Posts tagged ‘Heidelberg’

My Heidelberg: 40+ Highlights from Home

Above/featured: From Philosophenweg: across the Neckar, over the Altstadt, and up to Königstuhl – 21 May 2016 (HL).

Heidelberg is “eine adoptierte Heimatstadt” (an adopted hometown). Some have called this place “scenic, natural, and spectacular”; some call it “boring, provincial, and extortionate”. I could be referring to Vancouver, but that’s a subject for another time.

I’ve long struggled with questions of place: what defines “home”? Can those definitions and qualities change with time? Do people have choice(s) and do they apply their choices in their search? Can people find meaning with “home”? Must “home” be restricted to only one place, or can different needs be met from different places?

Images can provide access to memories of having lived in a new country, experiencing the shock of the new, and settling into the mundane. I remember advice someone once gave me which became constant companion and reminder: that I was inhabiting a place at the same latitude as my birthplace, 8000 km in distance and 9 time zones apart on the other side of the planet, a place that’s seen its compact share of activity with flair and impact.
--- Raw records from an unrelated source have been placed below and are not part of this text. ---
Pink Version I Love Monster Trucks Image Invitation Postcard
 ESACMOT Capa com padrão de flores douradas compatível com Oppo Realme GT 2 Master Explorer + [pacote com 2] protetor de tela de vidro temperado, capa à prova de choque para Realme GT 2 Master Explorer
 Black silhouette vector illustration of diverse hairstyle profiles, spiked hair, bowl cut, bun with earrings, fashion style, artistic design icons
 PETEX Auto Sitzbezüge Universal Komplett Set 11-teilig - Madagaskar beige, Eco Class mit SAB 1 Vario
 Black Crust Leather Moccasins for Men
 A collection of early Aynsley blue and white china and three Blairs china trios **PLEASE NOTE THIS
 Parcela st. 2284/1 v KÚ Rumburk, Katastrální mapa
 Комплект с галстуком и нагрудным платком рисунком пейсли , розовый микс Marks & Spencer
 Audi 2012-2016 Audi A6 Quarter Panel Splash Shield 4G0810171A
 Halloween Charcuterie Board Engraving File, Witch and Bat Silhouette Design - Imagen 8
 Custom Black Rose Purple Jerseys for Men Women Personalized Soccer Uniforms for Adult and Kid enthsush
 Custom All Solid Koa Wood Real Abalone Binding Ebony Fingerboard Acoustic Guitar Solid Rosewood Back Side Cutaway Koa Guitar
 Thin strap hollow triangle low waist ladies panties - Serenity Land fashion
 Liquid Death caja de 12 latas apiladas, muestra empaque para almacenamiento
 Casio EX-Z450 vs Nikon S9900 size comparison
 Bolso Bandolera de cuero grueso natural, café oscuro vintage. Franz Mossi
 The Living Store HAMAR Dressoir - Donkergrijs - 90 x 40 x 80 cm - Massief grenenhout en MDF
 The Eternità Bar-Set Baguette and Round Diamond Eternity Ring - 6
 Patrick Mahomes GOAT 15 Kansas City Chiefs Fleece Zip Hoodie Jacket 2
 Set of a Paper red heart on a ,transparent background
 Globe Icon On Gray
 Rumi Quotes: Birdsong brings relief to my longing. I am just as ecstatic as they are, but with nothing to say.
Most recall is naturally connected to sight. Occasionally, it’s a rush of the senses: the quick breeze on the skin, the ankle-spraining undulations of the cobblestone, how fog clings like a cold clammy cloak, the sing-song of birds among tall trees in the forest on the hill, the smell of grilled sausages in town by day, and the satisfying late-night noms of a spicy Dürüm Döner with a cool Ayran. And other times, human history leaps out and buries its claws, when the unthinkable must be acknowledged and understood in a synapsis of memory and senses.

In the autumn of 2001, I moved to Germany and Heidelberg: both sight unseen and without having learned any of the language. I stayed in town for a little under two years. What’s astonishing is I have no pictorial record of my time in Heidelberg, Germany, and Europe: I had no camera before the dawn of the smart-phone.

I have some great memories, even if time is casting long shadows. What I lost (no, gave away) was some part of me that actually has little to do with the “Schlager” hit song “Ich hab mein Herz in Heidelberg verloren“. It might be a piece of the heart, a part of the soul, or simply a scrap of good sense; but what it is precisely still remains undefined and shapeless. Finding solid answers about what I’ve surrendered might take years. And so, for the sake of clarity, I’ve returned many times since leaving town in 2003. A sharper focus comes through the post-departure blur whenever I step off the train in town.

I couldn’t have possibly known the experience of moving to and living in Heidelberg would be life-changing. Time so far has been kind, because it didn’t take long for me to adopt Heidelberg as “home”.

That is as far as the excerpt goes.